#### Task
From the entries below, return only the lines starting at the one that contains "Đảo Ma Cà Rồng 3 - Chapter 174 - Trang 8" and ending at the one that contains "کنار همسر کارگردانش", exactly as they stand.

(Beginning of Study material)

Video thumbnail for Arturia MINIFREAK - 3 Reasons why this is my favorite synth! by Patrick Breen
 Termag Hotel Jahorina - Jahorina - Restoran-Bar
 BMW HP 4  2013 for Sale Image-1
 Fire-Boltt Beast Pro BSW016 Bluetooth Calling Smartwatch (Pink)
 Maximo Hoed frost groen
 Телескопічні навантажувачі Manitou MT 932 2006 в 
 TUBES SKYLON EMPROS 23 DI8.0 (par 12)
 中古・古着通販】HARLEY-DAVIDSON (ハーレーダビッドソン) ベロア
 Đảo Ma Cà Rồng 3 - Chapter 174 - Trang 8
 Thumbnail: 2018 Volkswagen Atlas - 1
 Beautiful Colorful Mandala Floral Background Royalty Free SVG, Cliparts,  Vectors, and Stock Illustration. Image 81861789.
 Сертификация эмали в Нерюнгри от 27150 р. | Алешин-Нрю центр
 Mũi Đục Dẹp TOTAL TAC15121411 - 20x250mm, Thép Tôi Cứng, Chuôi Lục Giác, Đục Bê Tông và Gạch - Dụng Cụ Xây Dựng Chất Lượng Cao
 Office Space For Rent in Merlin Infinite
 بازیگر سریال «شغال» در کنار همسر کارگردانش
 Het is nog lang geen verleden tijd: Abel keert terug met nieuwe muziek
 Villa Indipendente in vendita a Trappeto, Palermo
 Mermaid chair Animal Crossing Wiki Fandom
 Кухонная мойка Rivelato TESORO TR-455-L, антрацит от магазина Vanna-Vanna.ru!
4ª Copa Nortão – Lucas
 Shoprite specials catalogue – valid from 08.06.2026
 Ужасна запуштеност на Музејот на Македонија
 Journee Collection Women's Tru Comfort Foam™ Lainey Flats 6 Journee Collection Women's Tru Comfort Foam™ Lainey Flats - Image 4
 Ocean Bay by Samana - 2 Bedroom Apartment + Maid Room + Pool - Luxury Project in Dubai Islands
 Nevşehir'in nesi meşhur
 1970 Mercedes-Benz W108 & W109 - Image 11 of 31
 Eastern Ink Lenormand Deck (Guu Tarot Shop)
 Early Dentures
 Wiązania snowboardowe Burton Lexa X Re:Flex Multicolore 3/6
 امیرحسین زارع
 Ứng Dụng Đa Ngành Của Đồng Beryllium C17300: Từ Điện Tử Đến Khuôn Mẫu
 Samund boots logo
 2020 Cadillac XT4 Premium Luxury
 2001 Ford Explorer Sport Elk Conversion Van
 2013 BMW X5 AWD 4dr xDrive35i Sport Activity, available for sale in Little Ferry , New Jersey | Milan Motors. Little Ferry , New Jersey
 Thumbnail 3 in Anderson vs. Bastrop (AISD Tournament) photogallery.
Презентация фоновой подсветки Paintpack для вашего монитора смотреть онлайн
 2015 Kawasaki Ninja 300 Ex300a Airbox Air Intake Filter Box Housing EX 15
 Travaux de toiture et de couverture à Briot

(End of Study material)

#### Reply to the task
 Đảo Ma Cà Rồng 3 - Chapter 174 - Trang 8
 Thumbnail: 2018 Volkswagen Atlas - 1
 Beautiful Colorful Mandala Floral Background Royalty Free SVG, Cliparts,  Vectors, and Stock Illustration. Image 81861789.
 Сертификация эмали в Нерюнгри от 27150 р. | Алешин-Нрю центр
 Mũi Đục Dẹp TOTAL TAC15121411 - 20x250mm, Thép Tôi Cứng, Chuôi Lục Giác, Đục Bê Tông và Gạch - Dụng Cụ Xây Dựng Chất Lượng Cao
 Office Space For Rent in Merlin Infinite
 بازیگر سریال «شغال» در کنار همسر کارگردانش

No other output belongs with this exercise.